In opposition to the plaintiff's facially adequate motion for leave to enter a default judgment and for an order of reference, Avenue K failed to demonstrate a reasonable excuse for its default in failing to timely serve an answer (see JPMorgan Chase Bank, N.A. v Grinkorn, 172 AD3d at 1183; Aurora Loan Servs., LLC v Movtady, 165 AD3d at 1026-1027). Avenue K's contention that it was not served with the order restoring the action to the calendar and granting it leave to intervene is improperly raised for the first time on appeal (see Bethpage Fed. Credit Union v Grant, 178 AD3d 997, 998; U.S. Bank N.A. v Sheth, 177 AD3d 1018, 1020).

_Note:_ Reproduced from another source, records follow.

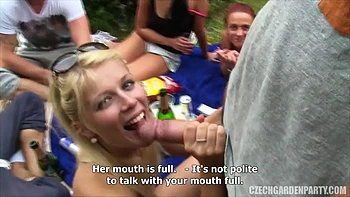 Czechgardenparty001part2: Blowjob, Missonary  Big Tits Porn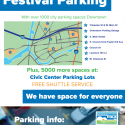 Folk Festival parking pamphlet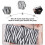 bolsa decorativa com listras de zebra para cosméticos 11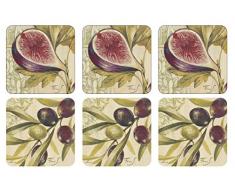 Pimpernel Olives & Figs Untersetzer 6 Stück (m)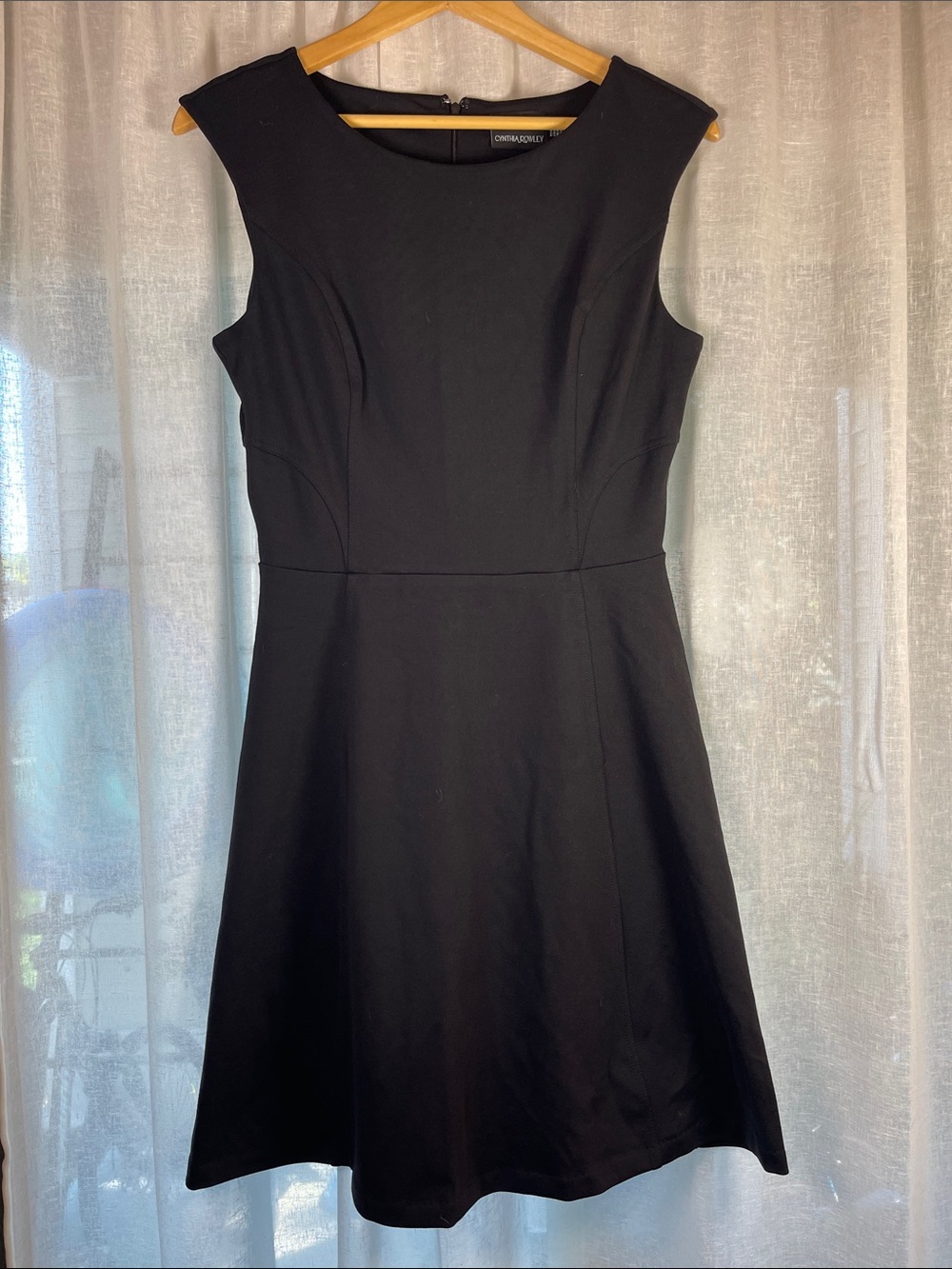 Cynthia Rowley Black Sleeveless Fit-and-Flare Dress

Avenue K's contention that it was entitled to file an answer to present defenses to the foreclosure action does not explain or provide a reasonable excuse for why it failed to do so. Therefore, it is unnecessary to determine whether it established a potentially meritorious defense (see JPMorgan Chase Bank, N.A. v Grinkorn, 172 AD3d at 1886; Aurora Loan Servs., LLC v Movtady, 165 AD3d at 1027).

Avenue K's remaining contentions are improperly raised for the first time on appeal (see Bethpage Fed. Credit Union v Grant, 178 AD3d at 998; U.S. Bank N.A. v Sheth, 177 AD3d at 1020).

CHAMBERS, J.P., ROMAN, CHRISTOPHER and WOOTEN, JJ., concur.